Mike Bosch has translated his experience as a mathematics professor to success on the softball field for Syracuse.

Syracuse head coach Mike Bosch arrived through the front door of Manley Field House at 8:39 a.m. on Tuesday, March 27. He wasn’t supposed to arrive until 9 a.m., but in a windbreaker with a block Syracuse “S” on the right side of his jacket, the third-year head coach entered the room and looked around, slightly confused.

“You’re early,” Bosch quipped to a coworker he was supposed to meet that morning. “Well … I’m early.”

He opened the door to his small office, which was decorated with portraits of former players at the two schools he has called his coaching homes. He walked along the right side of the small room to reach his desk situated in the back left corner.

The work day began at about 8:46 a.m.

“I’m usually ready to go by this time anyway,” Bosch said.

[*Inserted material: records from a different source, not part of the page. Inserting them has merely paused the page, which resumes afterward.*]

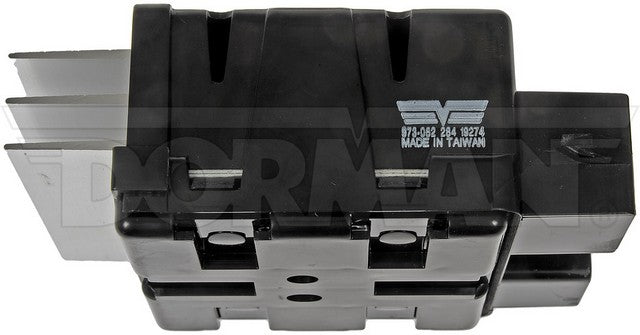HVAC Blower Motor Resistor Kit Dorman-OE Solutions 973-062
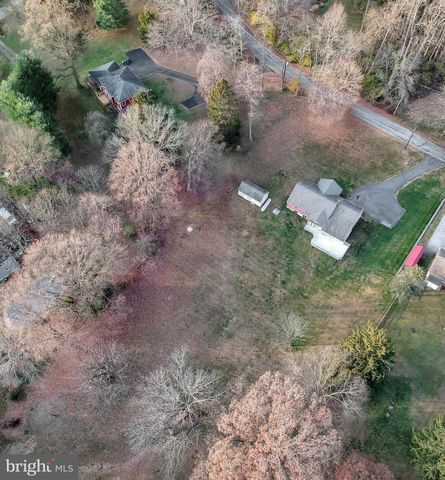 $550,000 | 424 Old Baltimore Pike, Chadds Ford, PA 19317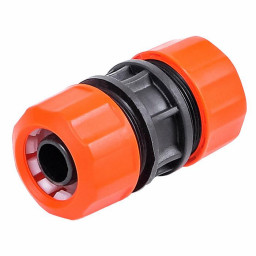 Муфта 3/4х3/4 соединительная Жук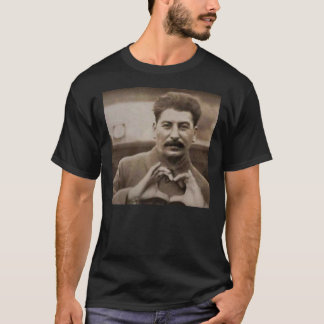 Stalin&x27;s kärlek Classic T-Shirt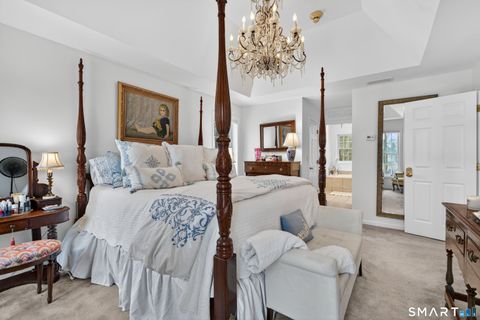 Tiny photo for 85 Pleasant Drive, Southbury, CT 06488 (MLS # 24152072)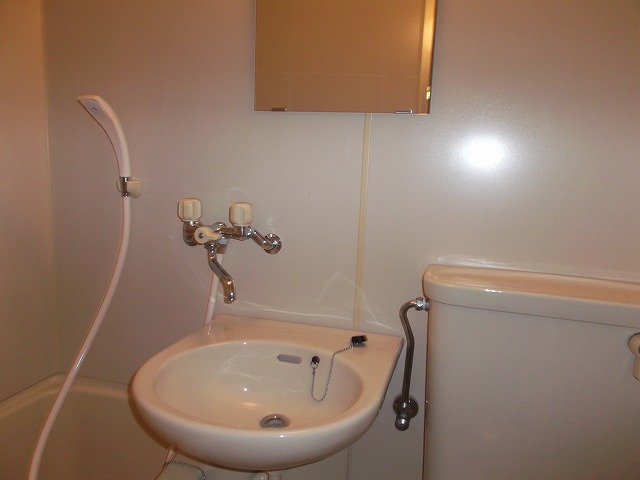 Washroom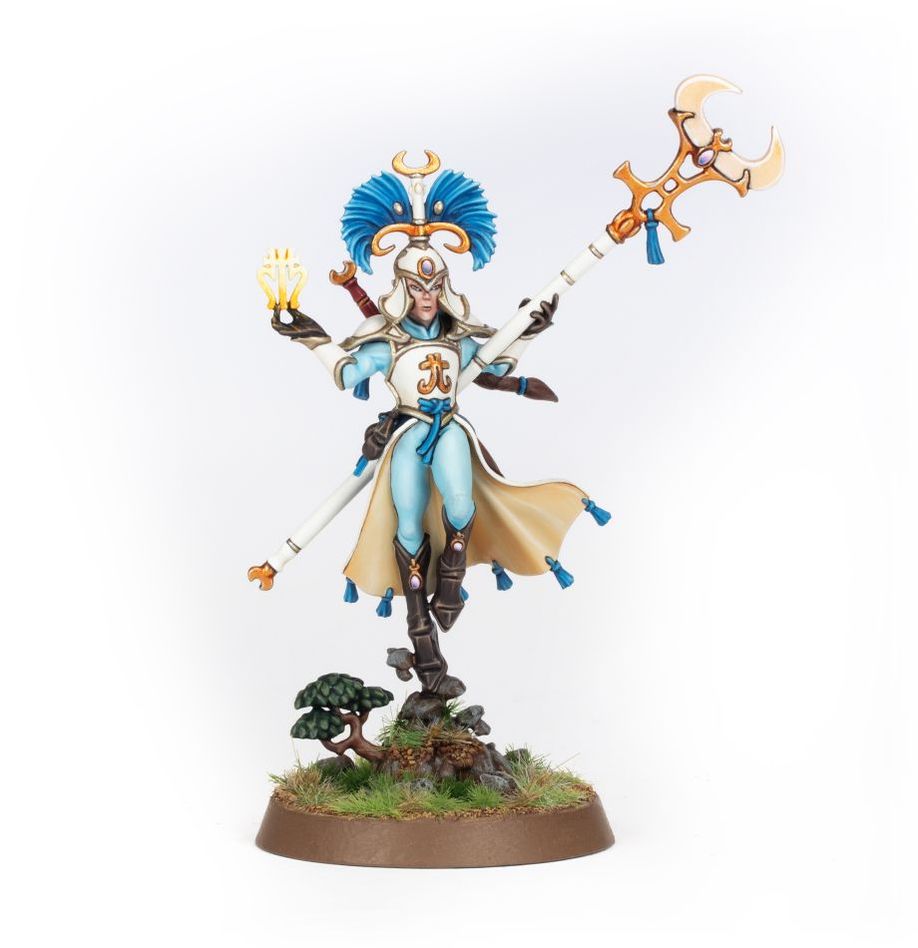 LUMINETH SCINARI ENLIGHTENER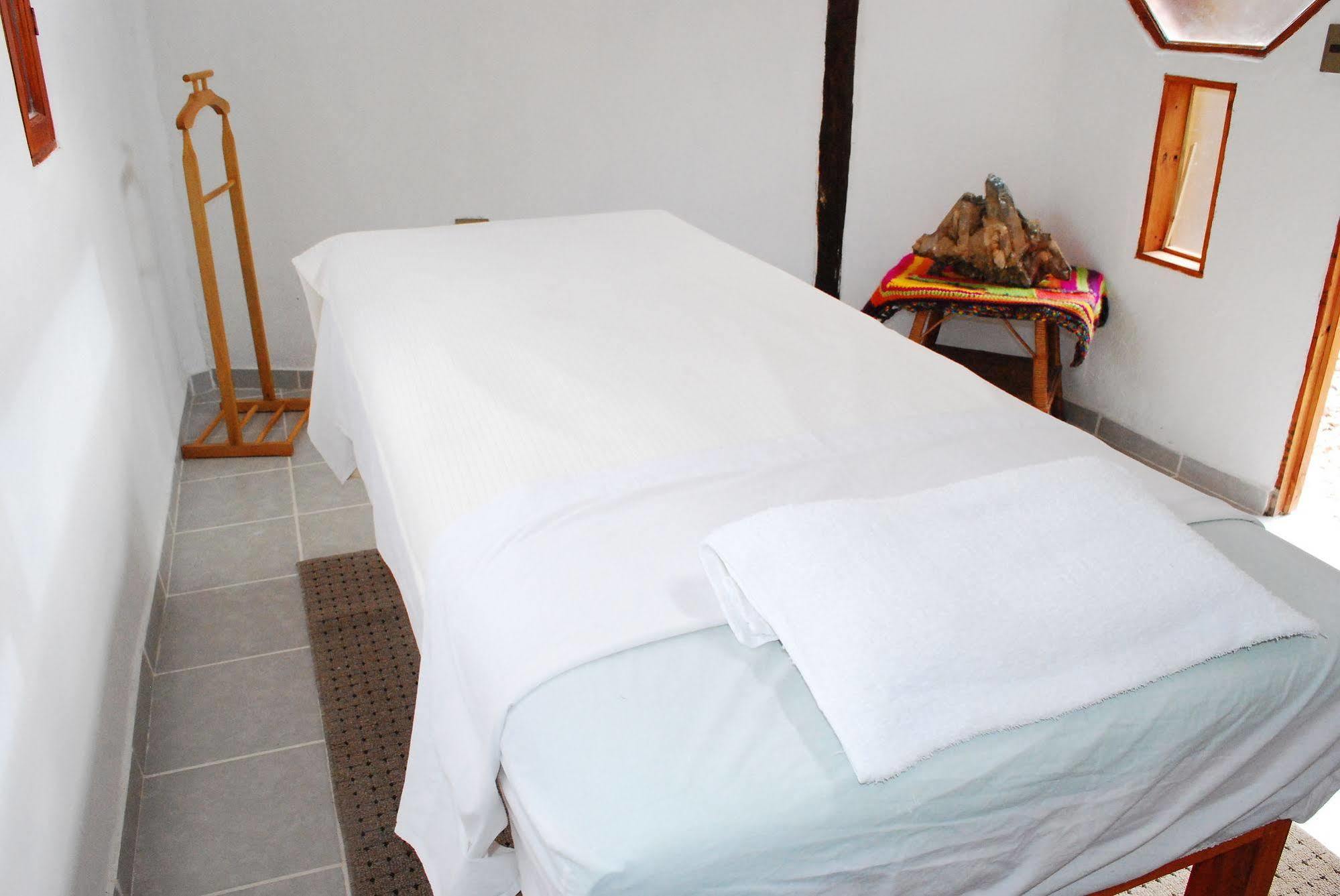 Cochiguaz Hotel 2*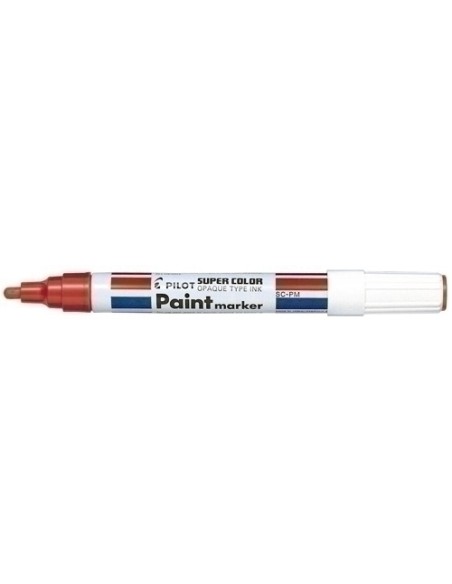 ROTUL.PILOT MARQUER 2,0 mm ROJO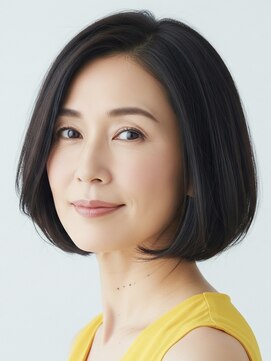 美染 丸山店(Bisen) 髪質改善/白髪ぼかし/白髪染め/オーガニックカラー/リタッチmi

It was Bosch in a nutshell: He’s quirky, relies on numbers and most of all, loves to work. A head softball coach and mathematics professor at Iowa Lakes Community College for 13 years, Bosch had to balance two full-time jobs. The experience helped as he moved on to the Division-I ranks at Syracuse and was named interim and then head coach, less than three years after his arrival.

In his three years as the head coach at Syracuse, the program’s record has improved with each season.  His modern, “moneyball”-like style focuses heavily on statistics. Numbers helped lift the Orange to just its sixth 30-win season in the program’s history. If SU wins one of its final two games, it would be the first Orange team since 2011 to record 30 wins in consecutive seasons.

Bosch in the preseason tries not to set a mark to hit, instead letting the individual season’s numbers dictate the daily functions of the program. The core of his success comes from his players, he said, and his goal is to get the best out of them so he can log it in the scoresheet.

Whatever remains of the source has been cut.